◆ What you are asked to do: Print the listing as it stands, omitting all images.

◆ Supplied entries:

════════════════

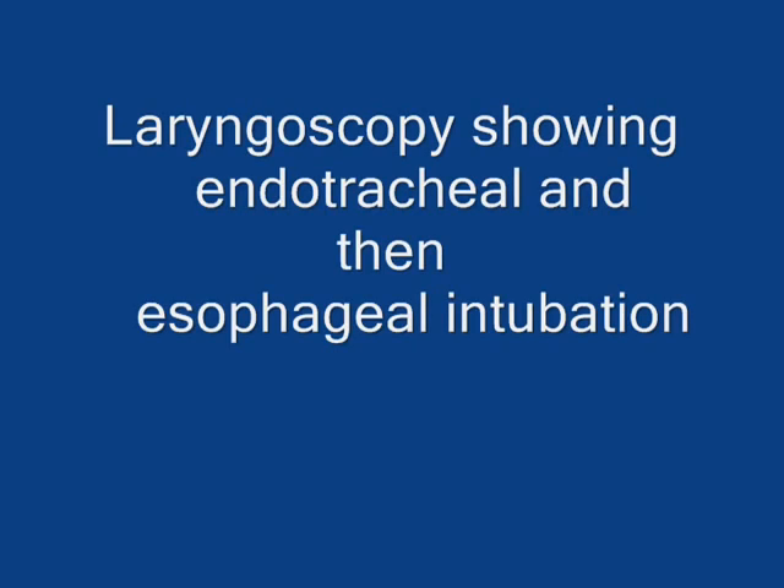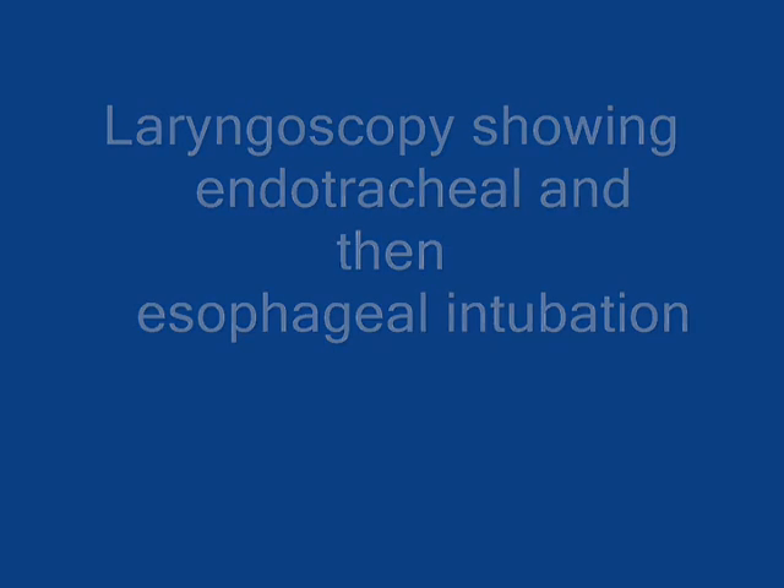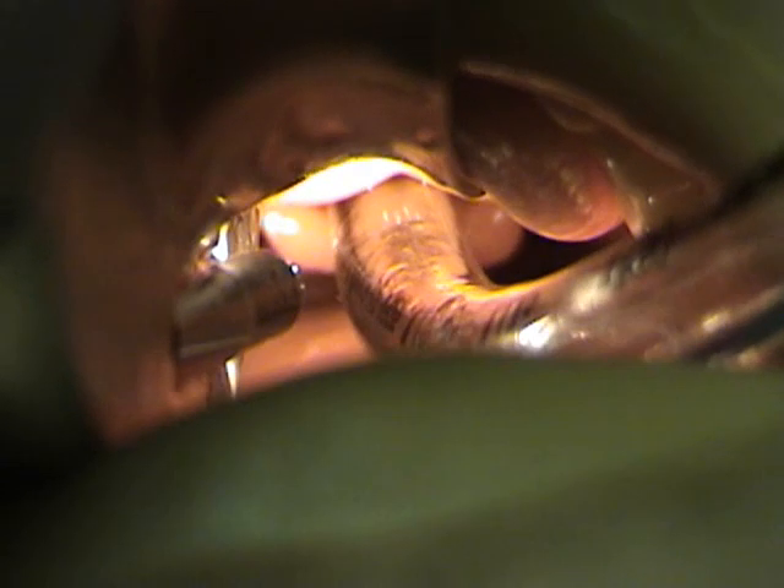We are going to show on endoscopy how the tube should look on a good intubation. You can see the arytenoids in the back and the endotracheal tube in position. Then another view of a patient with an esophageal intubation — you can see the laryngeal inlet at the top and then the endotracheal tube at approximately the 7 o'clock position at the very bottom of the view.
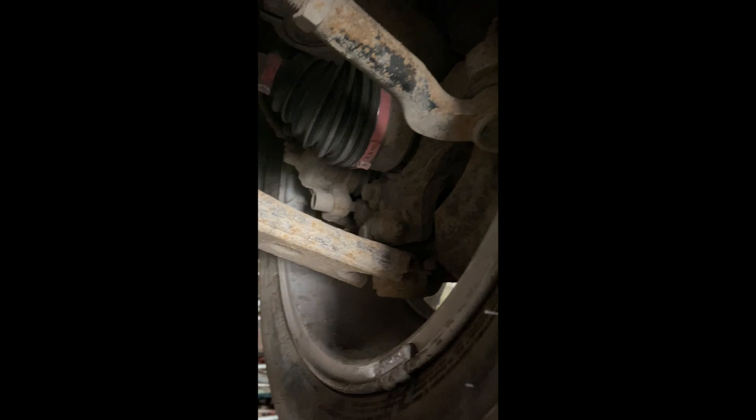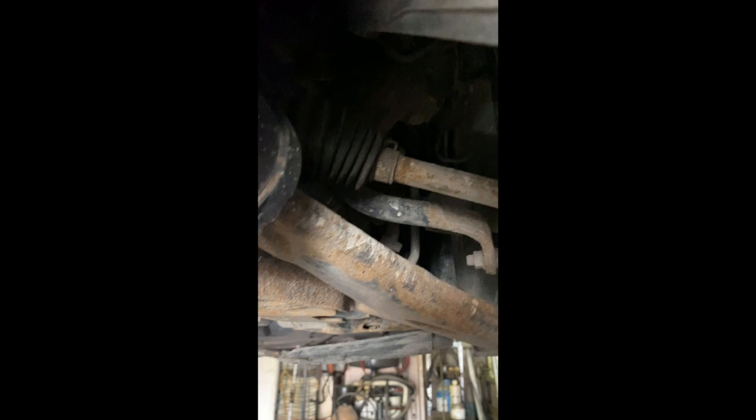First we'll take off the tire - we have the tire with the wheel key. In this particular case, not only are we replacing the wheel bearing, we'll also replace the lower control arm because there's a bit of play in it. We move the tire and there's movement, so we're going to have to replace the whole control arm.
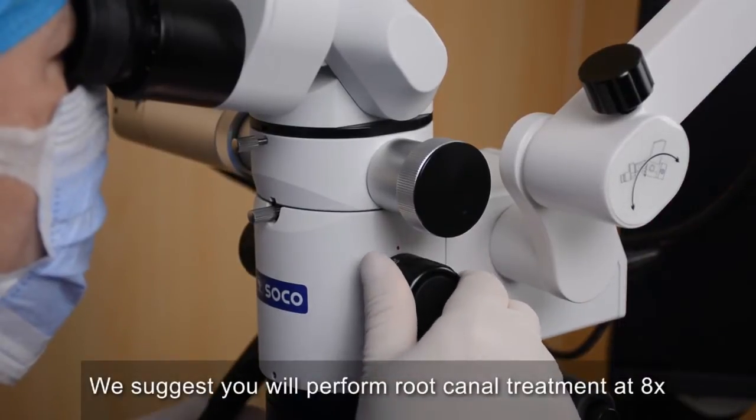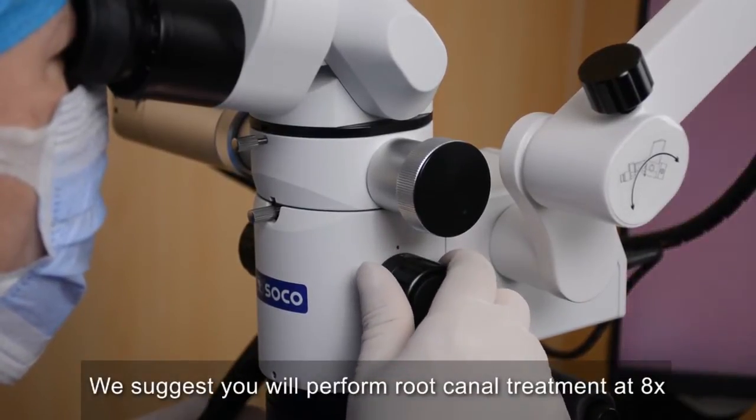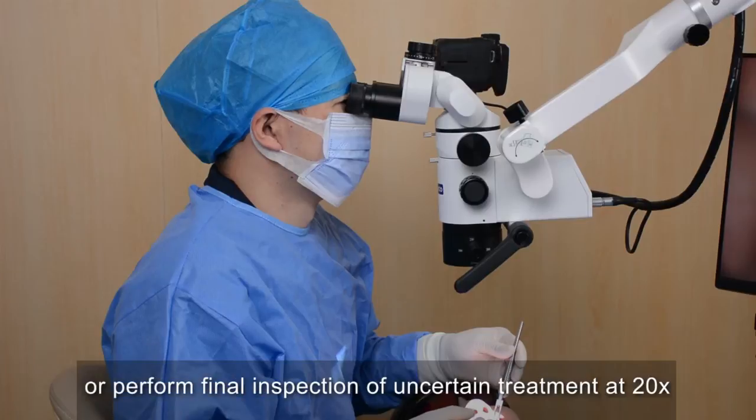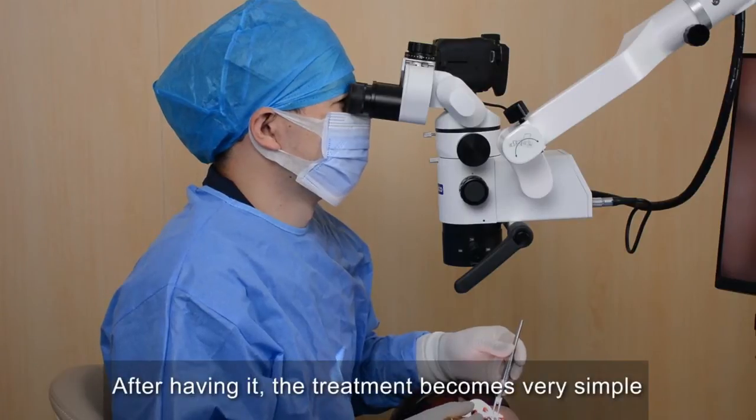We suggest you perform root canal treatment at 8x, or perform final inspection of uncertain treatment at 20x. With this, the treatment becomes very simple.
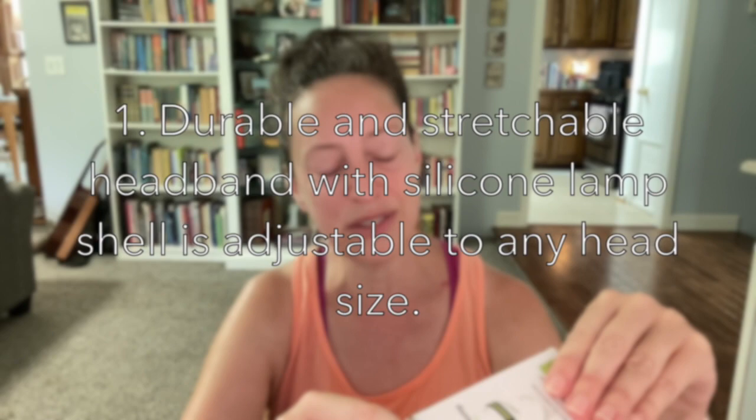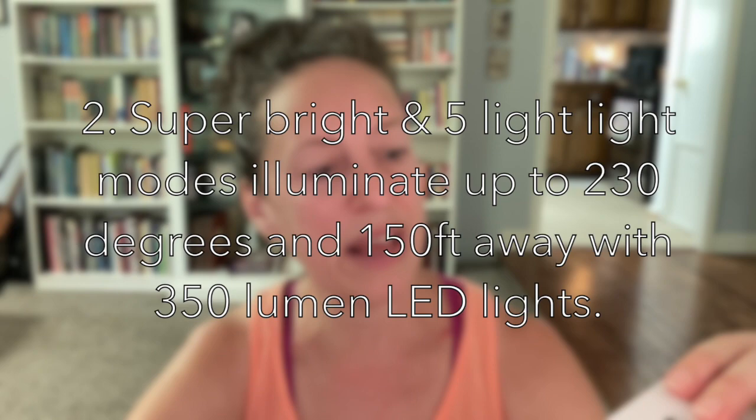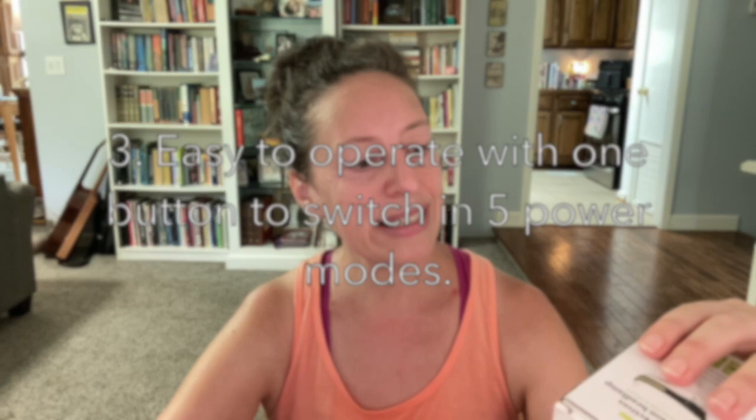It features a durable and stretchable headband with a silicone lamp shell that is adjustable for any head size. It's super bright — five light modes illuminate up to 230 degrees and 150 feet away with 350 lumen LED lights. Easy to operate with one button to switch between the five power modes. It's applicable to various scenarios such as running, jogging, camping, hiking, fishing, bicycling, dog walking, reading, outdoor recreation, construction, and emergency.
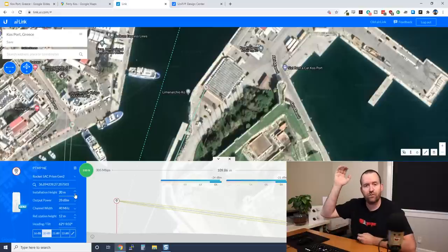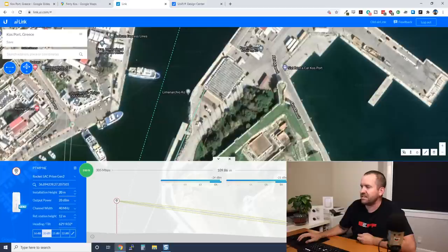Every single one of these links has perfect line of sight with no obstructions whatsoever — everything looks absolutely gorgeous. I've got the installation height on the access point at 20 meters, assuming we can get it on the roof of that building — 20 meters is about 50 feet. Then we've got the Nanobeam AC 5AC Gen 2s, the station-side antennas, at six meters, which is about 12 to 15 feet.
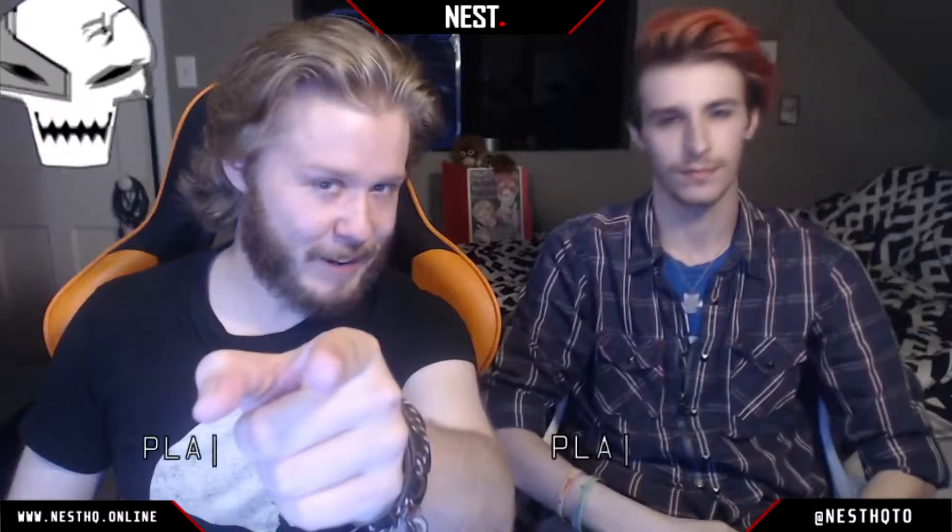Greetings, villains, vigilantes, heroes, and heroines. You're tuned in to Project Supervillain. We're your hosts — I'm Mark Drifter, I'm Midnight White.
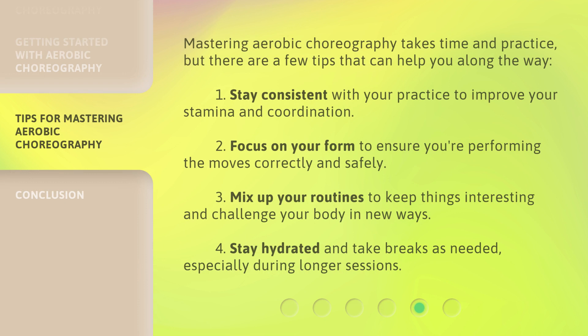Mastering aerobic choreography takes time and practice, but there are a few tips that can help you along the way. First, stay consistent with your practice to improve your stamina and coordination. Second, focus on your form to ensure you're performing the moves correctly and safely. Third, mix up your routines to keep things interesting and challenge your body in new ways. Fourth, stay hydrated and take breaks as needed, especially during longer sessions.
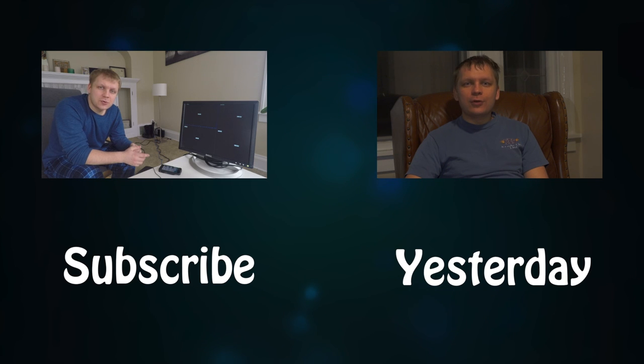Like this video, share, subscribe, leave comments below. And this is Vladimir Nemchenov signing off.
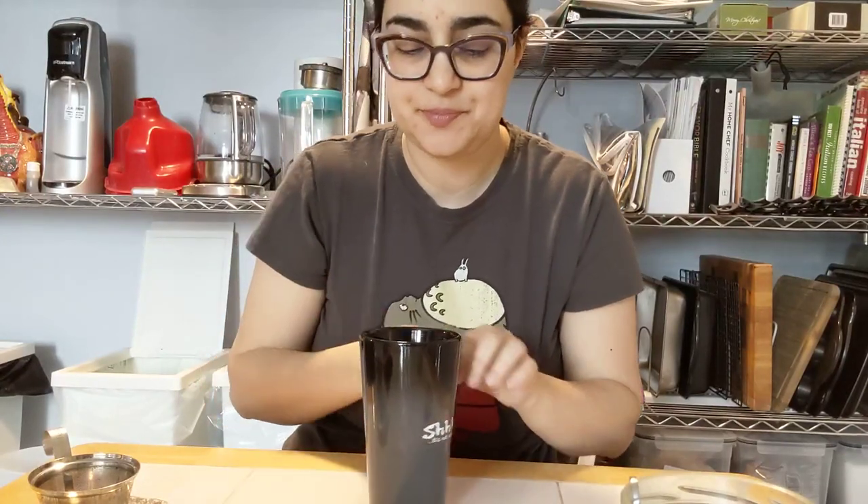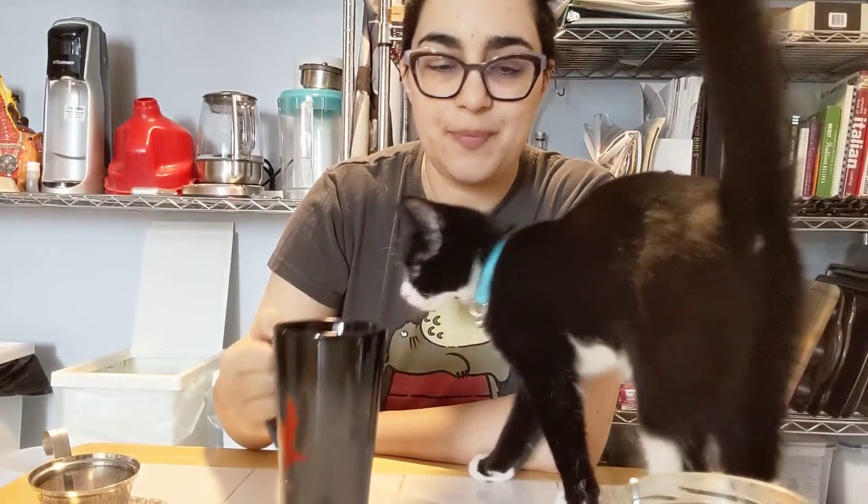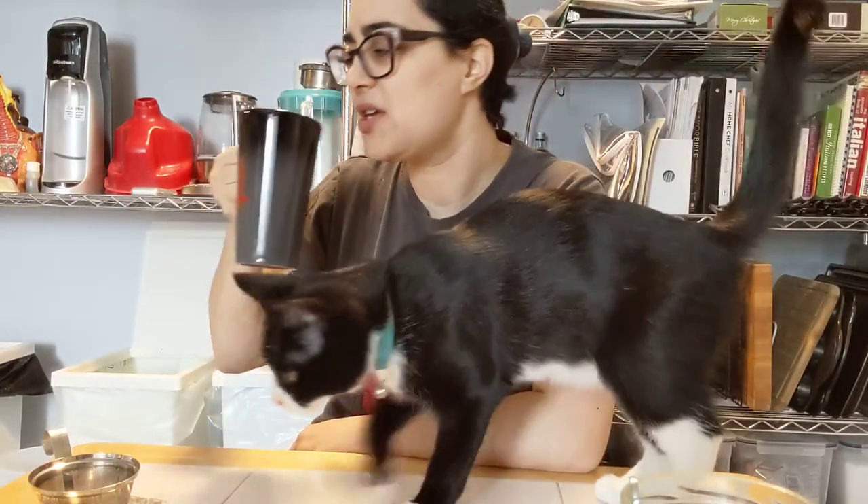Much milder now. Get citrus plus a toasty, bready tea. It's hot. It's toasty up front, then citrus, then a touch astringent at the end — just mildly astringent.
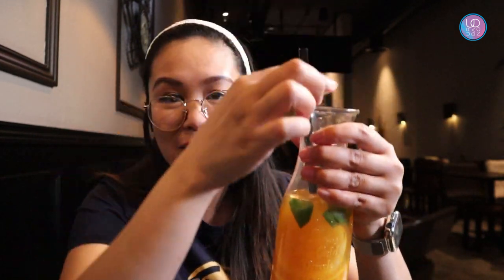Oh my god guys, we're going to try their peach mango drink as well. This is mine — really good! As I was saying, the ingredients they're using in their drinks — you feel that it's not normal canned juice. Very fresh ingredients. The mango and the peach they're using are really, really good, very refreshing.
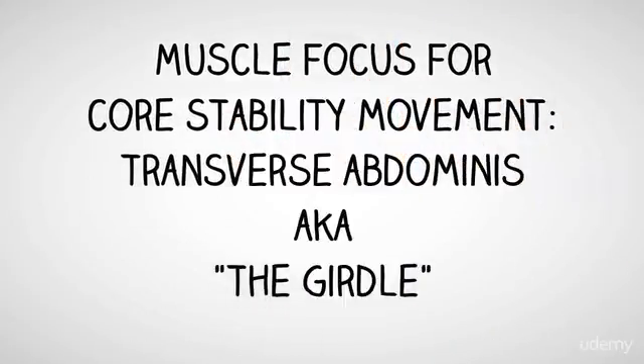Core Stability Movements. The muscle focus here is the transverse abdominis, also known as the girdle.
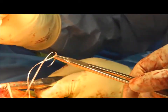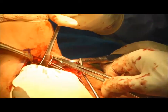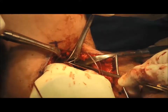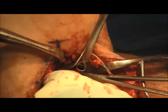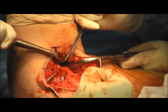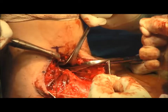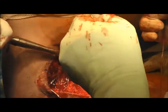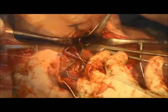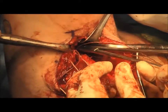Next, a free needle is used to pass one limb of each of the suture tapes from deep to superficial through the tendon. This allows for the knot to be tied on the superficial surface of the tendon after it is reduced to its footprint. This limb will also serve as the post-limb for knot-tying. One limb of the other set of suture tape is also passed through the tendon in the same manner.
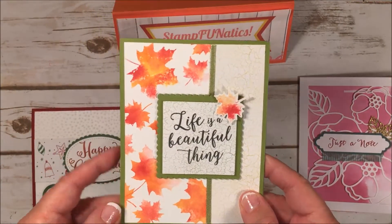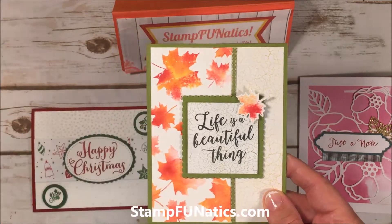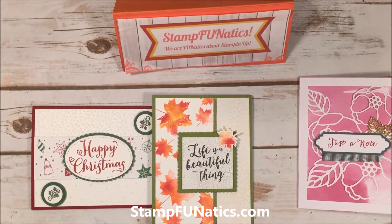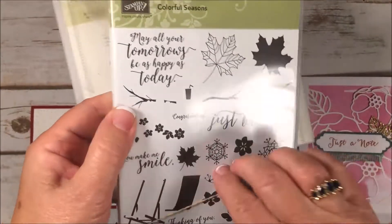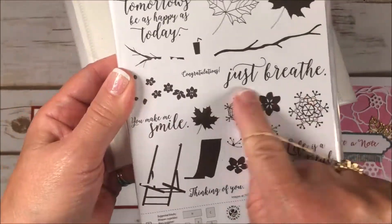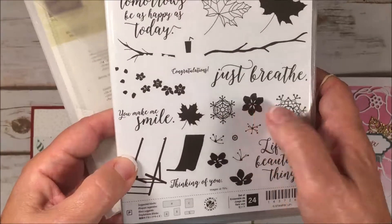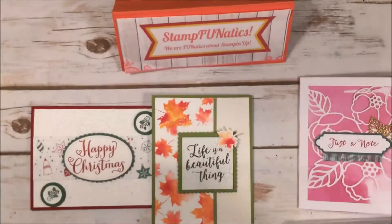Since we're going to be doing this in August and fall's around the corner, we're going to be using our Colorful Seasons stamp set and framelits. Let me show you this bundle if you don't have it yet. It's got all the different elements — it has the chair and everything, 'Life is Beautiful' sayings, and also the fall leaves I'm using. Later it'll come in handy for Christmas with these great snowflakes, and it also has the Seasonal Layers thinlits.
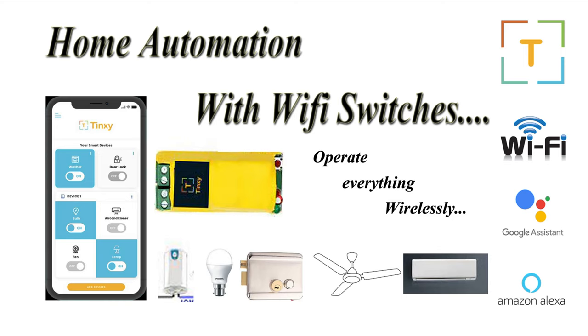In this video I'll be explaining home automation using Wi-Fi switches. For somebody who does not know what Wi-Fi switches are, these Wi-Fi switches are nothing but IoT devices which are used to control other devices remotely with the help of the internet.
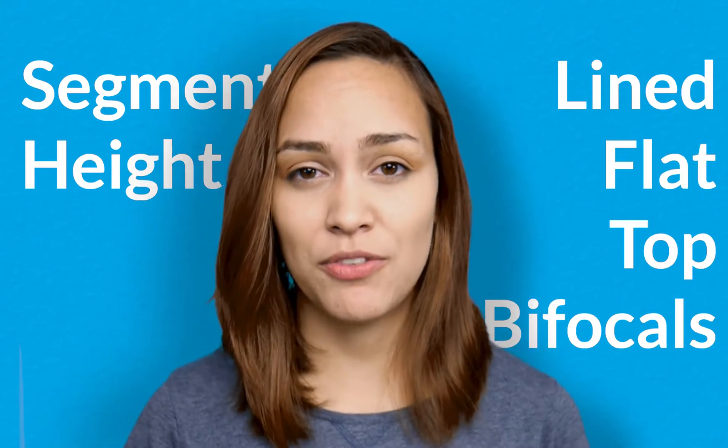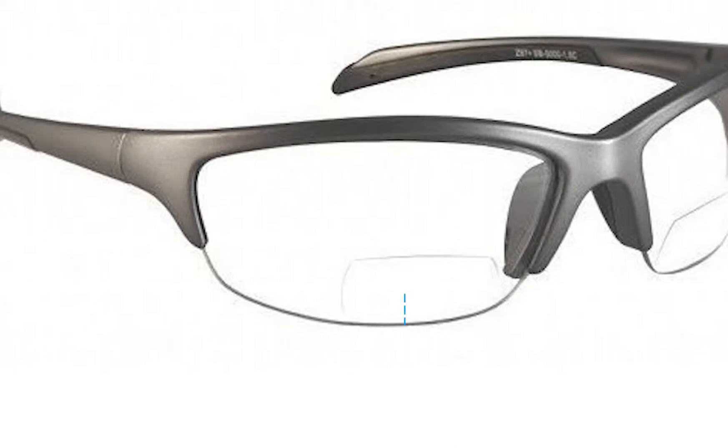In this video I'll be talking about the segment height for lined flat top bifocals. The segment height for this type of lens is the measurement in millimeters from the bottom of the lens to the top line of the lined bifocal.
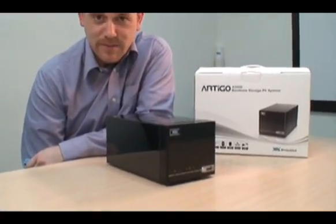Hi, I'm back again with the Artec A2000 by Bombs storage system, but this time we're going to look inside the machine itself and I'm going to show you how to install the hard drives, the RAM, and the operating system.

════════════════

◆ Reply:
We are going to show on endoscopy how the tube should look on a good intubation. You can see the arytenoids in the back and the endotracheal tube in position. Then another view of a patient with an esophageal intubation — you can see the laryngeal inlet at the top and then the endotracheal tube at approximately the 7 o'clock position at the very bottom of the view.
First we'll take off the tire - we have the tire with the wheel key. In this particular case, not only are we replacing the wheel bearing, we'll also replace the lower control arm because there's a bit of play in it. We move the tire and there's movement, so we're going to have to replace the whole control arm.
We suggest you perform root canal treatment at 8x, or perform final inspection of uncertain treatment at 20x. With this, the treatment becomes very simple.
It features a durable and stretchable headband with a silicone lamp shell that is adjustable for any head size. It's super bright — five light modes illuminate up to 230 degrees and 150 feet away with 350 lumen LED lights. Easy to operate with one button to switch between the five power modes. It's applicable to various scenarios such as running, jogging, camping, hiking, fishing, bicycling, dog walking, reading, outdoor recreation, construction, and emergency.
Every single one of these links has perfect line of sight with no obstructions whatsoever — everything looks absolutely gorgeous. I've got the installation height on the access point at 20 meters, assuming we can get it on the roof of that building — 20 meters is about 50 feet. Then we've got the Nanobeam AC 5AC Gen 2s, the station-side antennas, at six meters, which is about 12 to 15 feet.
Greetings, villains, vigilantes, heroes, and heroines. You're tuned in to Project Supervillain. We're your hosts — I'm Mark Drifter, I'm Midnight White.
Mastering aerobic choreography takes time and practice, but there are a few tips that can help you along the way. First, stay consistent with your practice to improve your stamina and coordination. Second, focus on your form to ensure you're performing the moves correctly and safely. Third, mix up your routines to keep things interesting and challenge your body in new ways. Fourth, stay hydrated and take breaks as needed, especially during longer sessions.
Like this video, share, subscribe, leave comments below. And this is Vladimir Nemchenov signing off.
Much milder now. Get citrus plus a toasty, bready tea. It's hot. It's toasty up front, then citrus, then a touch astringent at the end — just mildly astringent.
Oh my god guys, we're going to try their peach mango drink as well. This is mine — really good! As I was saying, the ingredients they're using in their drinks — you feel that it's not normal canned juice. Very fresh ingredients. The mango and the peach they're using are really, really good, very refreshing.
Core Stability Movements. The muscle focus here is the transverse abdominis, also known as the girdle.
Next, a free needle is used to pass one limb of each of the suture tapes from deep to superficial through the tendon. This allows for the knot to be tied on the superficial surface of the tendon after it is reduced to its footprint. This limb will also serve as the post-limb for knot-tying. One limb of the other set of suture tape is also passed through the tendon in the same manner.
Since we're going to be doing this in August and fall's around the corner, we're going to be using our Colorful Seasons stamp set and framelits. Let me show you this bundle if you don't have it yet. It's got all the different elements — it has the chair and everything, 'Life is Beautiful' sayings, and also the fall leaves I'm using. Later it'll come in handy for Christmas with these great snowflakes, and it also has the Seasonal Layers thinlits.
In this video I'll be explaining home automation using Wi-Fi switches. For somebody who does not know what Wi-Fi switches are, these Wi-Fi switches are nothing but IoT devices which are used to control other devices remotely with the help of the internet.
In this video I'll be talking about the segment height for lined flat top bifocals. The segment height for this type of lens is the measurement in millimeters from the bottom of the lens to the top line of the lined bifocal.
Hi, I'm back again with the Artec A2000 by Bombs storage system, but this time we're going to look inside the machine itself and I'm going to show you how to install the hard drives, the RAM, and the operating system.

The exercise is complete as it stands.